**EXERCISE AIM**.
Copy each line below as it stands, but skip any picture it contains.

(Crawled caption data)
---

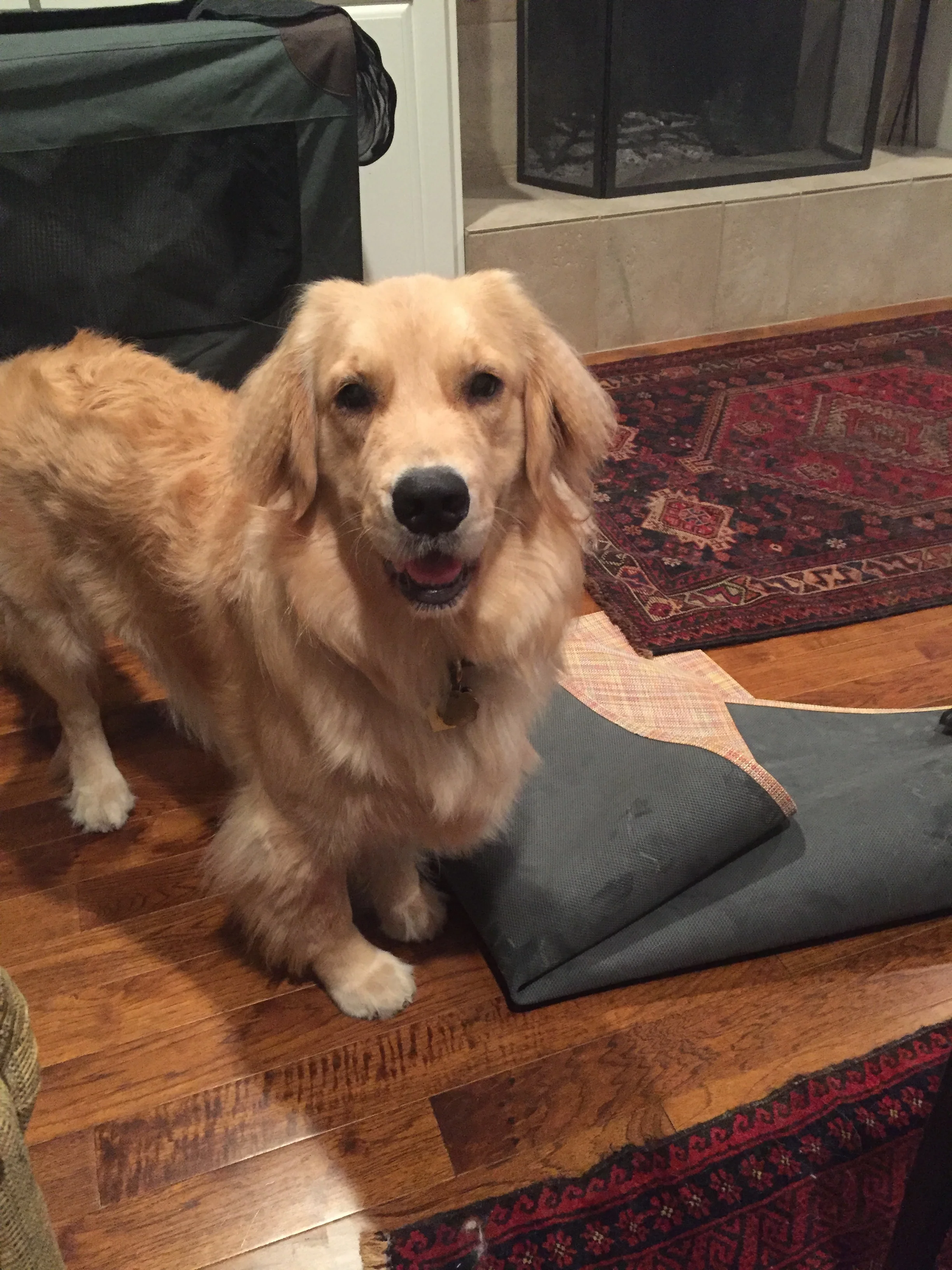 What I'm complaining about this morning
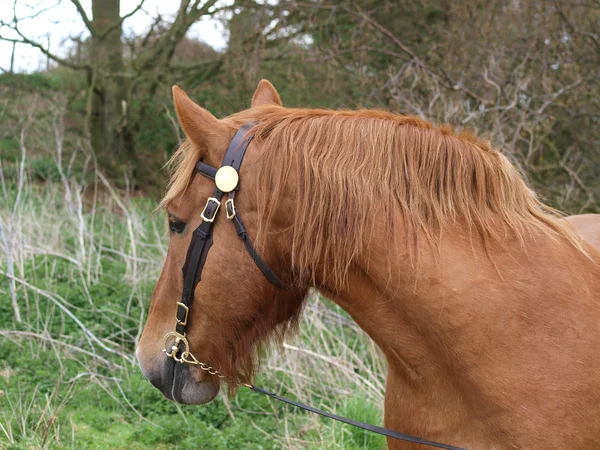 Suffolk soco cavalo cabeça tiro — Fotografia de Stock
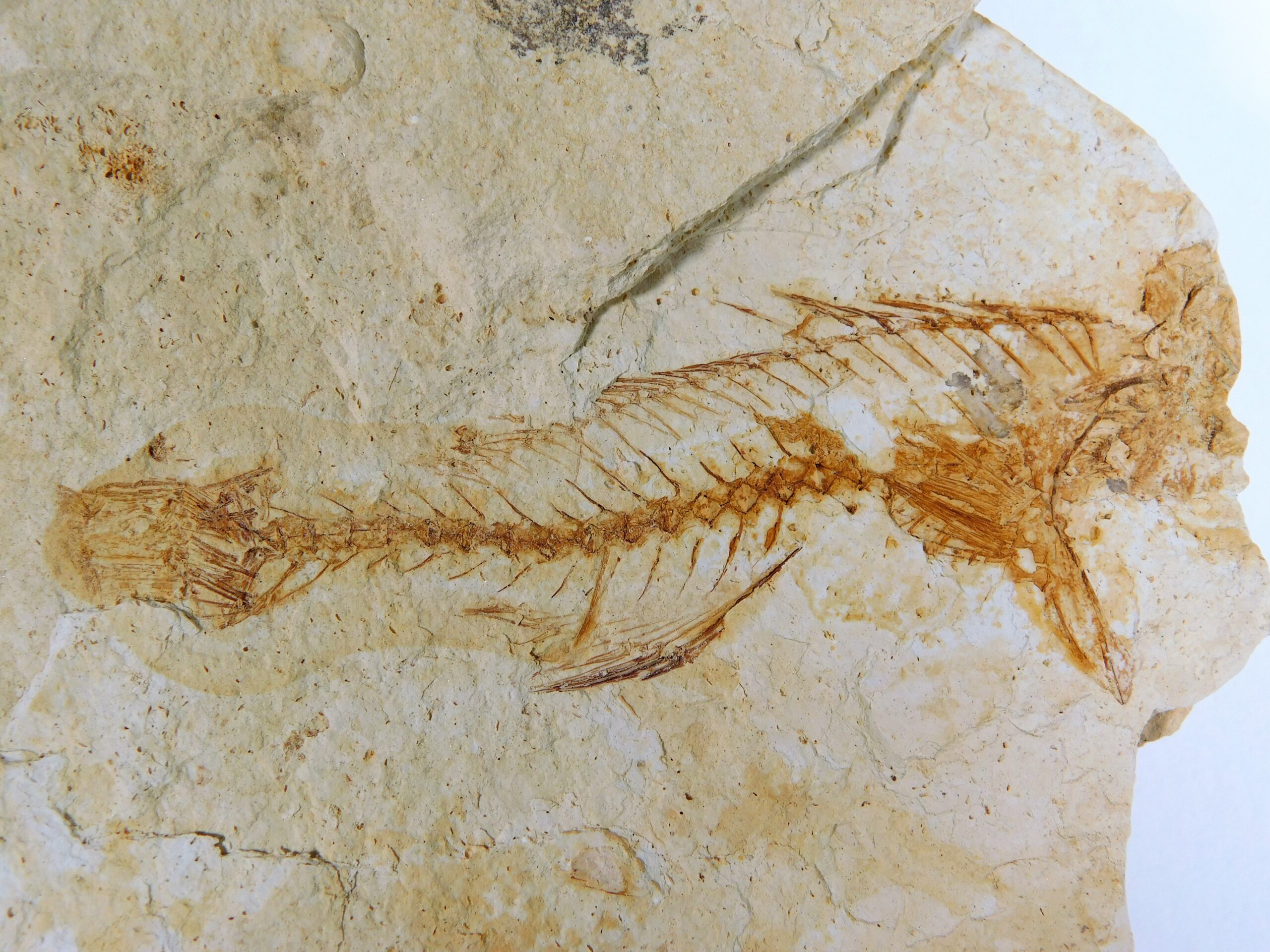 California Miocene Fish - Image 3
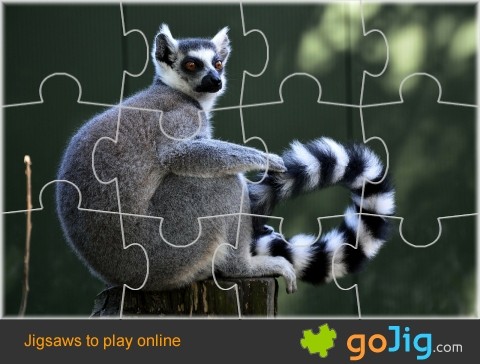 Jigsaw : Ring Tailed Lemur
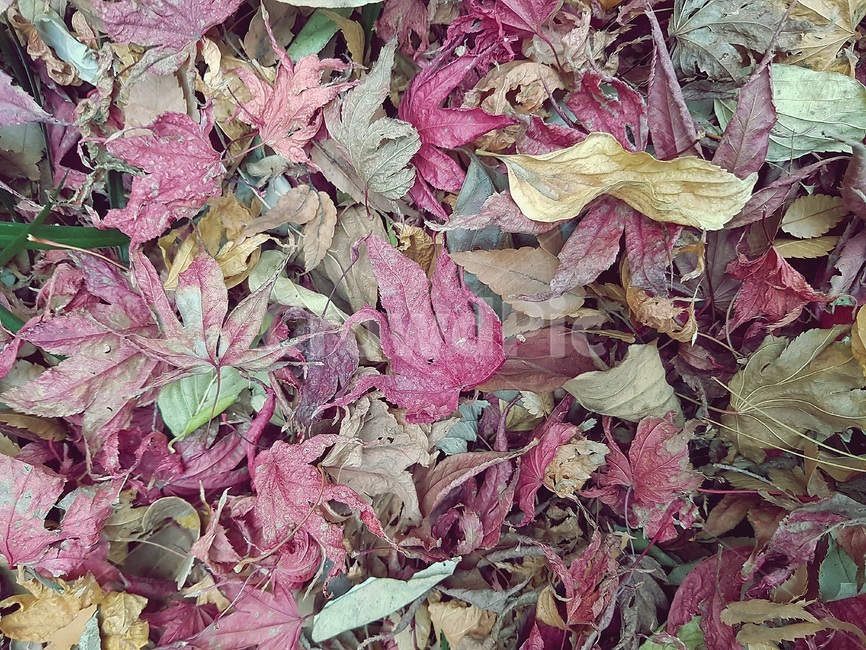 잎,가을,나뭇잎,tree,leaf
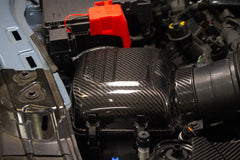 Carbon Fiber Intake Covers Ford Mustang S650 2024 +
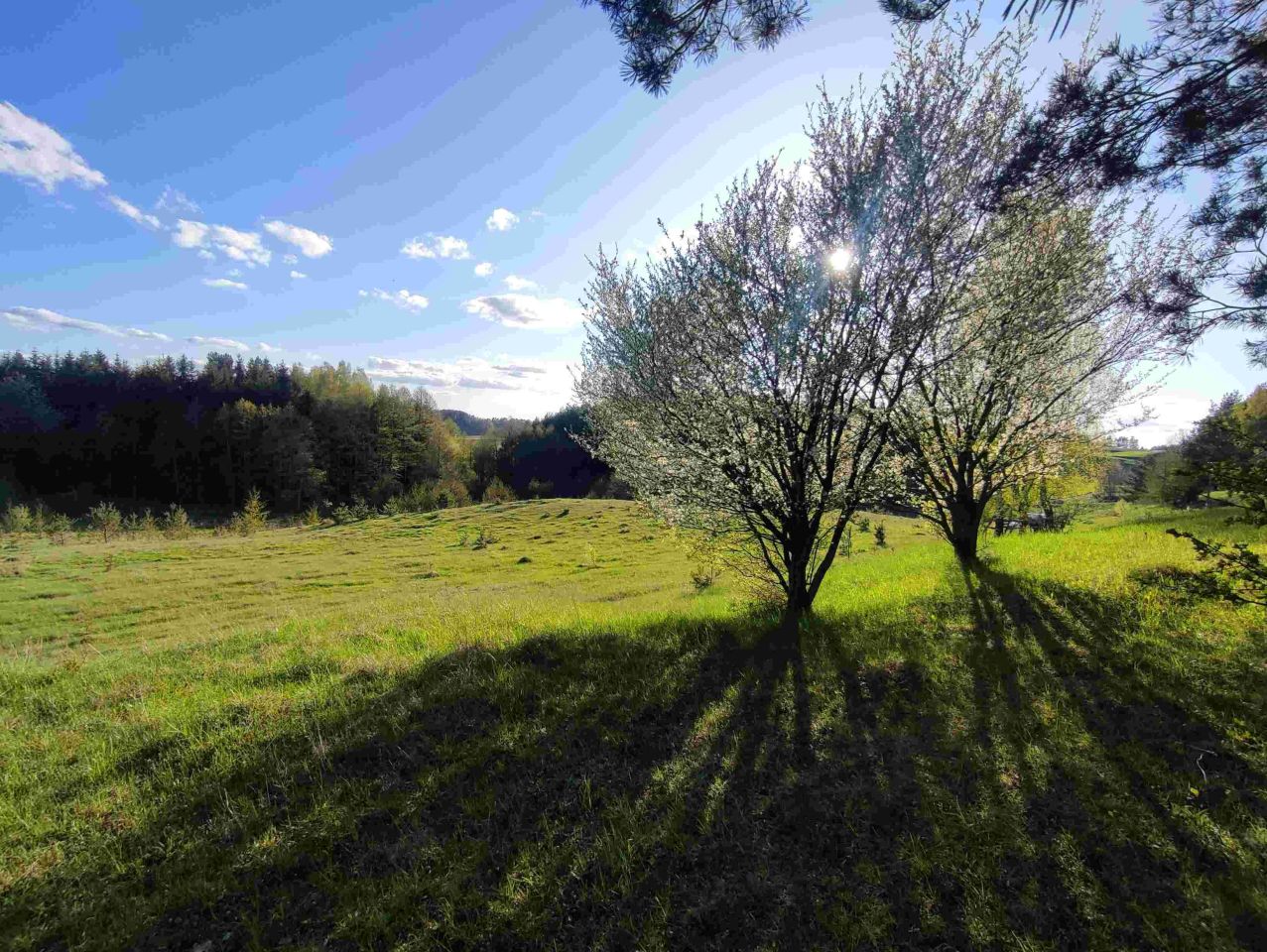 Działka siedliskowa Osinki. Zdjęcie 7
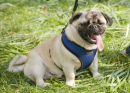 Pug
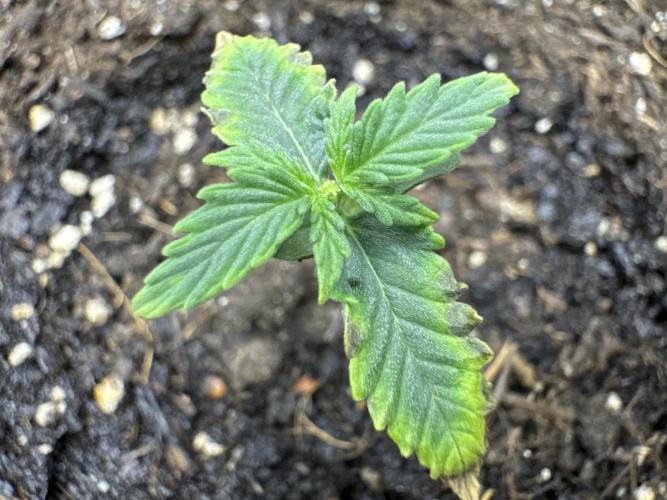 Banana Punch Auto. Week 1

---

**TASK RESULT**.
 What I'm complaining about this morning
 Suffolk soco cavalo cabeça tiro — Fotografia de Stock
 California Miocene Fish - Image 3
 Jigsaw : Ring Tailed Lemur
 잎,가을,나뭇잎,tree,leaf
 Carbon Fiber Intake Covers Ford Mustang S650 2024 +
 Działka siedliskowa Osinki. Zdjęcie 7
 Pug
 Banana Punch Auto. Week 1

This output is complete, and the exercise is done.